→ **The data**:
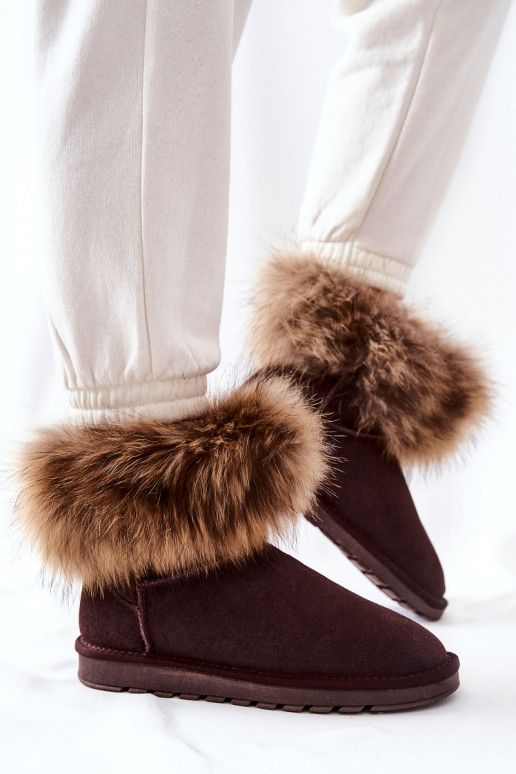 Féminin en daim Bottes de neige avec un manteau de fourrure marron Alexa Féminin en daim Bottes de neige avec un manteau de fourrure marron Alexa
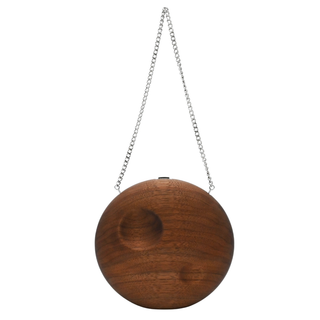 EITTEM | Moon Woodgrain Walnut Clutch Bag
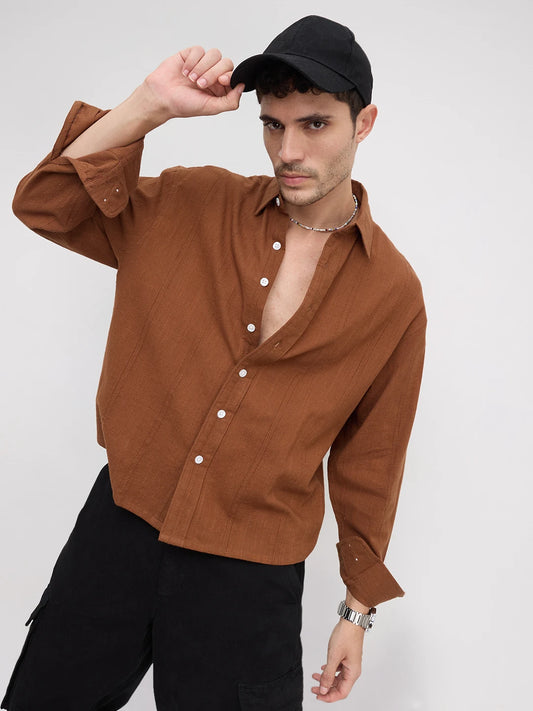 Iconic Brown Sheer Striped Boxy Fit Crop Shirt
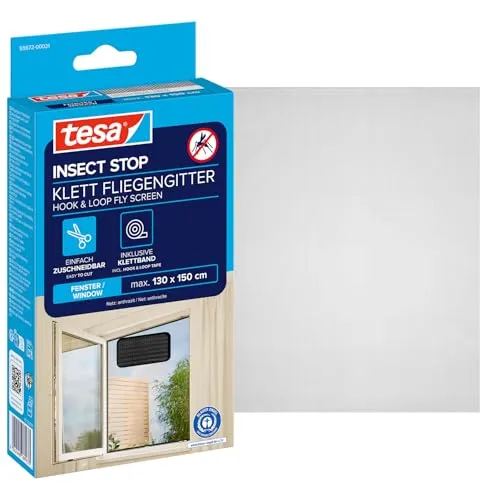 tesa Insect Stop Klett Fliegengitter für Fenster - Insektenschutz mit Klettband, zuschneidbar - Mückenschutz ohne Bohren - 1 x Fliegen Netz - 130 cm x 150 cm - Anthrazit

→ **Aim of the exercise**: Restate the data above word for word. Skip every picture.

→ **Output below**:
 Féminin en daim Bottes de neige avec un manteau de fourrure marron Alexa Féminin en daim Bottes de neige avec un manteau de fourrure marron Alexa
 EITTEM | Moon Woodgrain Walnut Clutch Bag
 Iconic Brown Sheer Striped Boxy Fit Crop Shirt
 tesa Insect Stop Klett Fliegengitter für Fenster - Insektenschutz mit Klettband, zuschneidbar - Mückenschutz ohne Bohren - 1 x Fliegen Netz - 130 cm x 150 cm - Anthrazit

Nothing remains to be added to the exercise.